Line by line, transcribe the data below exactly and pass over the images.

> [MATERIAL FOR THE TASK]
+ + +

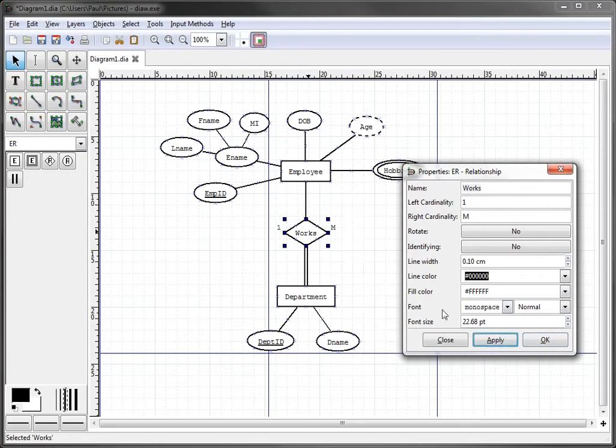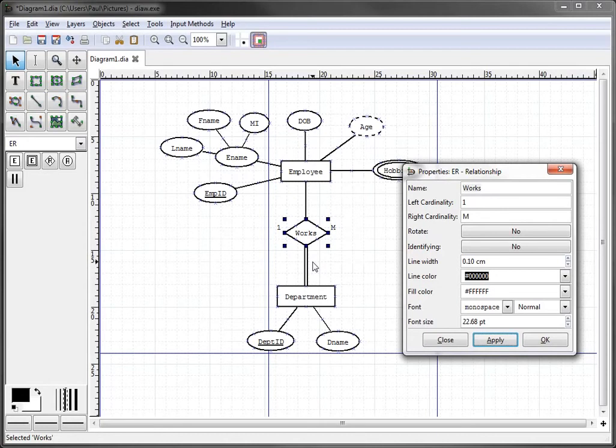All right, so we see that showing up, but we would really like for the one to be up here near employee and the m to be down near department, like we had shown in the previous tutorial using Microsoft Word.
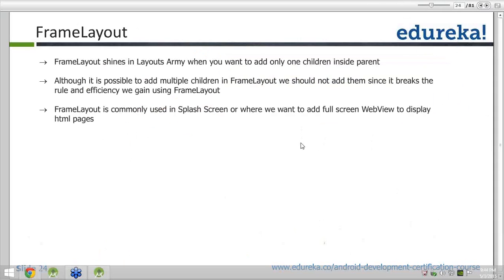Frame layout shines whenever you want to add only one child inside the parent. So if you have a requirement where on the screen you just have to add one button, instead of creating a linear layout or relative layout, you would add a frame layout. Frame layout can also contain multiple children, but it is more preferred whenever you want to add just one child.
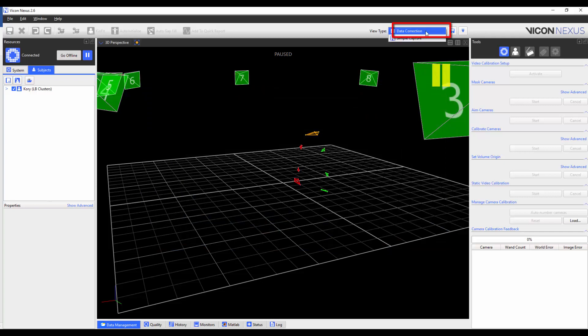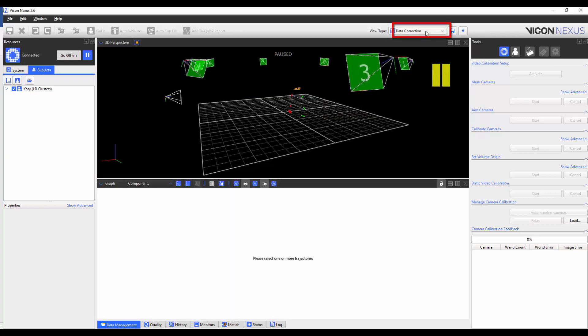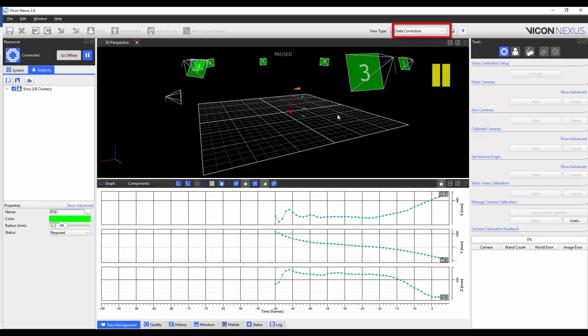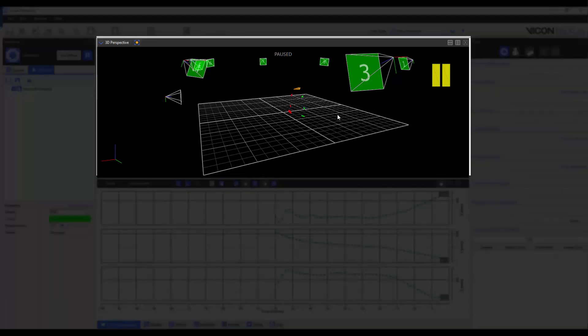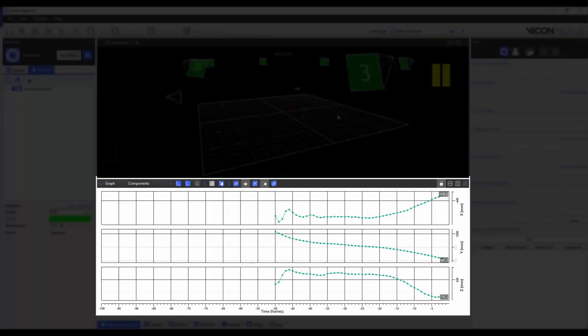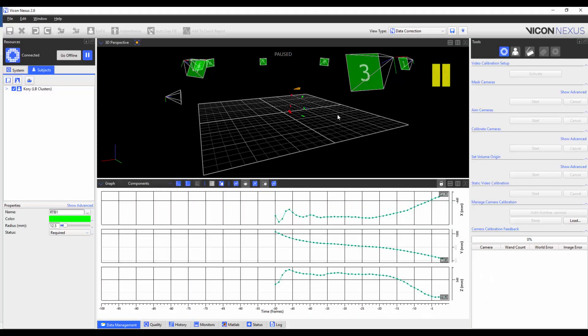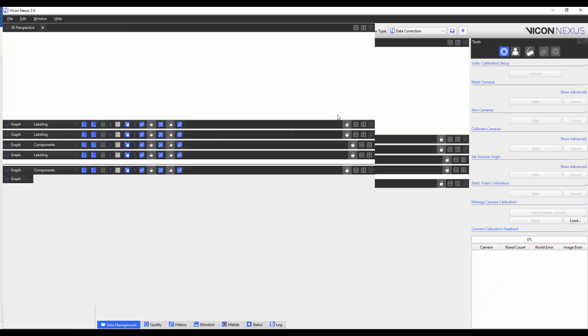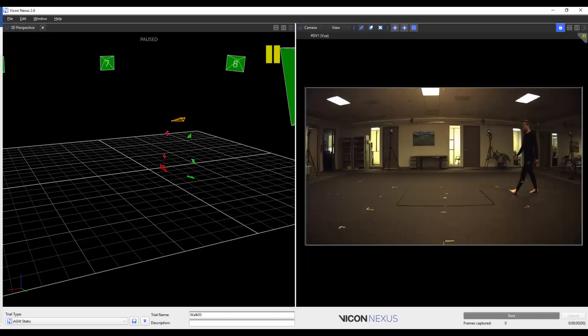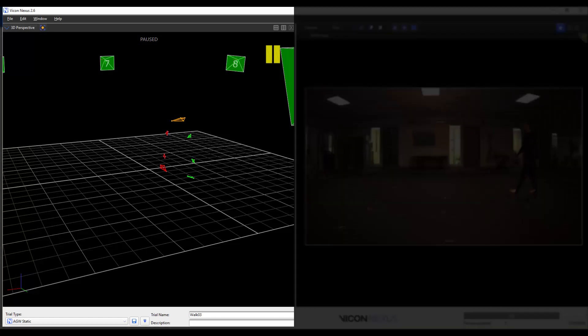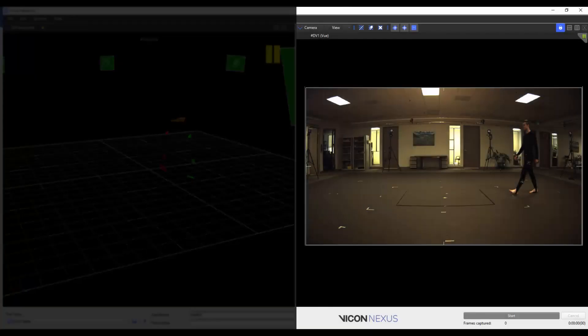As you can see, I've got the Data Correction view type selected, where I've got my 3D perspective on the top, and the Data Correction graph below. When I go to the Simple Capture Mode, we can see that instead, the Simple Capture view type is being displayed, where I have the 3D perspective on the left-hand side, and the camera view on the right.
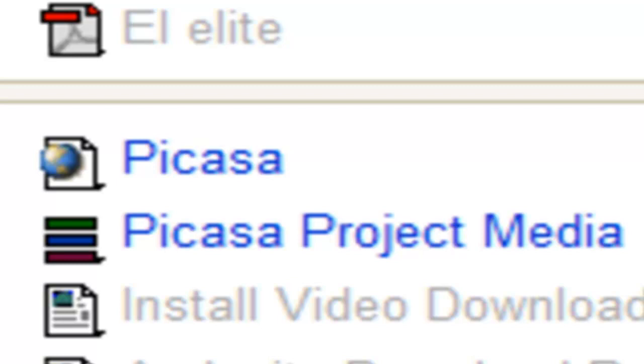In this video I want to talk to you about how to download and install Picasa. Picasa is a photo manager from Google, an application that you install to your computer. It manages your photos and you can also make videos out of your still pictures and add audio to it.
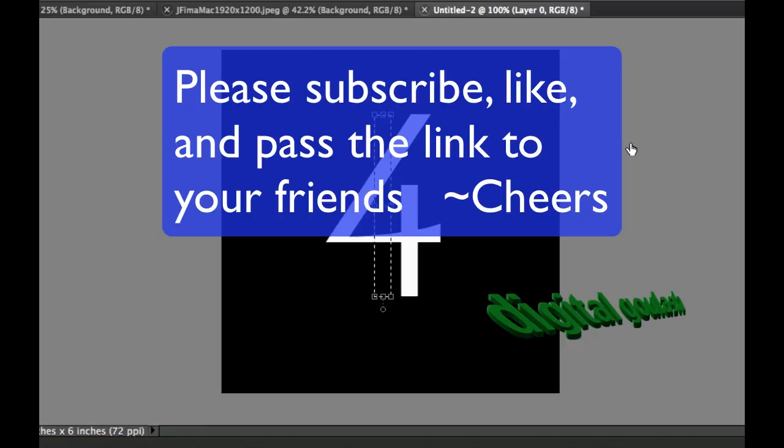If you haven't done so already, please subscribe to my videos, pass the link on to your friends, and subscribe. Cheers!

+ + +

> [EXERCISE RESULT]
All right, so we see that showing up, but we would really like for the one to be up here near employee and the m to be down near department, like we had shown in the previous tutorial using Microsoft Word.
Frame layout shines whenever you want to add only one child inside the parent. So if you have a requirement where on the screen you just have to add one button, instead of creating a linear layout or relative layout, you would add a frame layout. Frame layout can also contain multiple children, but it is more preferred whenever you want to add just one child.
As you can see, I've got the Data Correction view type selected, where I've got my 3D perspective on the top, and the Data Correction graph below. When I go to the Simple Capture Mode, we can see that instead, the Simple Capture view type is being displayed, where I have the 3D perspective on the left-hand side, and the camera view on the right.
In this video I want to talk to you about how to download and install Picasa. Picasa is a photo manager from Google, an application that you install to your computer. It manages your photos and you can also make videos out of your still pictures and add audio to it.
If you haven't done so already, please subscribe to my videos, pass the link on to your friends, and subscribe. Cheers!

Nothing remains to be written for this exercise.